For this, I’m looking specifically for dmesg output during that time. Some output is normal (kvm messages about vm starting and stopping, and vfio messages about passthrough), but there can also be errors.

It seems that TR is still not quite there, but we’re getting really close. Have you disabled ASPM in the bios? I remember something about that causing problems.

Got it, I’ll see what I can dig up.

I think I recall someone in a post somewhere mentioning to disable ASPM in the kernel somehow. I actually dug around yesterday evening looking to deactivate ASPM within the Zenith BIOS and couldn’t locate anything that spelled it out. From memory the bit’s I have enabled are:

Advanced\CPU Configuration\SVM Mode – enabled
Advanced\AMD PBS\Enumerate all IOMMU in IVRS – enabled
Advanced\AMD CBS\NBIO Common Options\NB Configuration\IOMMU – enabled
Advanced\AMD CBS\NBIO Common Options\ACS Enable – enabled
Advanced\AMD CBS\NBIO Common Options\PCIe ARI Support – enable

I’m mistaken, is a kernel parameter. You want pcie_aspm=off, according to:

https://wireless.wiki.kernel.org/en/users/documentation/aspm#force_enable_or_disable_aspm

1 Like

Looks like it can be set in policy:

https://access.redhat.com/documentation/en-us/red_hat_enterprise_linux/7/html/power_management_guide/aspm

I’ll give this a go and report in when I can get my configs and such uploaded.

did you add a custom #define to your kernel file like trpatch? so it would be added to the final rpm package name? You can do that when you are adding tr.patch to the file that fedora uses to patch its kernels… I suggest you do that to “be sure” your custom kernel is being built and applied properly

when you uname -a you will see kernel-123123123123.trpatch

Ok, as promised here’s what I’ve gathered so far:

grub:

GRUB_TIMEOUT=5
GRUB_DISTRIBUTOR="$(sed 's, release .*$,,g' /etc/system-release)"
GRUB_DEFAULT=saved
GRUB_DISABLE_SUBMENU=true
GRUB_TERMINAL_OUTPUT="console"
GRUB_CMDLINE_LINUX="rd.lvm.lv=fedora/root rd.lvm.lv=fedora/swap iommu=1 amd_iommu=on iommu=pt rd.driver.pre=vfio-pci video=vesafb:off,efifb:off pci-stub.ids=1002:687f,1002:aaf8 pcie_aspm=off"
GRUB_DISABLE_RECOVERY="true"

kvm.conf:

> options vfio-pci ids=1002:687f,1002:aaf8

kernel.spec

https://pastebin.com/kEyZXxWL

Hi Wendell!

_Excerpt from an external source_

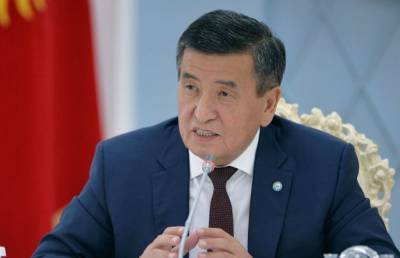 Пресс-служба президента Кыргызстана: Сооронбай Жээнбеков находится Бишкеке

I did in fact. see below and in the pastebin.

...
# define buildid .local

%define buildid .trpatch02

# baserelease defines which build revision of this kernel version we're
...

...
# CVE-2018-5750 rhbz 1539706 1539708
Patch651: ACPI-sbshc-remove-raw-pointer-from-printk-message.patch

Patch652: tr.patch

# END OF PATCH DEFINITIONS
...

And of course just a quick check to make sure I’m not a dummy and in the wrong kernel…

# uname -r
4.16.0-0.rc0.git7.1.trpatch02.fc28.x86_64

Rebuilding grub now and rebooting the VM with the cards attached to see what the console spits out. Will have those results shortly!

1 Like

Okay, so I added the “pcie_aspm=off” and rebuilt grub. Restarted the host and waited a few (the VM attached to the GPU’s is set to auto-start). Rebooted the VM and it never came back. Here’s the log and timestamps.

  • Boot up 6:45 - ~6:47

  • ~6:48 Issued a VM restart (from rdp session)… unable to rdp back to VM after waiting for a restart to complete. He’s dead Jim.

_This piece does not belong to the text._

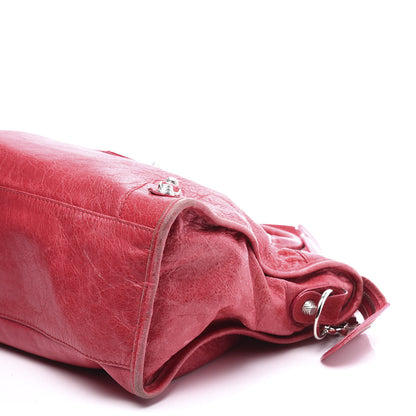 Balenciaga Agneau Giant 12 Silver Hardware City Rose Thulian 8 of 9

https://pastebin.com/MtmUxYvB

Thanks for having a look guys!

Hrrmmmmm. Uefi up to date??

Ohh. There is a weird iommu option in the zenith Mobo. Needs to be set to both or something. Unless it got cut I mentioned it in the zenith review. Weirdly on that board by default iommu is only on for one of the two Ryzen packages.

Gotcha, I’m guessing that would be “Enumerate all IOMMU in IVRS” which I have enabled. The tooltip reads:

[Enable] Enables the IOMMU on both CPU dies to map device-visible virtual addresses.

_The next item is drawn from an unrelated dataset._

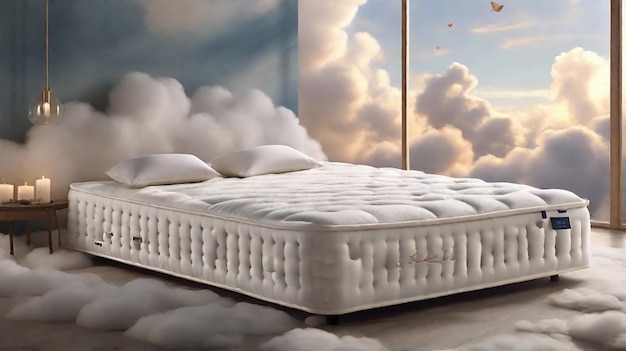 Orthopedic Mattress in a Heavenly Haven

I’m on the latest stable version but I believe there is a branch of testing builds. I’ll try and flash one of those and see if there’s any change. I haven’t seen anything in comments for the board of there being any changes for IOMMU in those builds. But there’s a better chance it’s either not mentioned or I missed it.

Update: Nevermind, apparently UEFI version 0901 is the current latest beta :frowning:

1 Like

You nailed it. That’s frustrating. Iommu groups look good on the GPU otherwise? Can you try it in one of the pcie3.0 x8 slots just for giggles??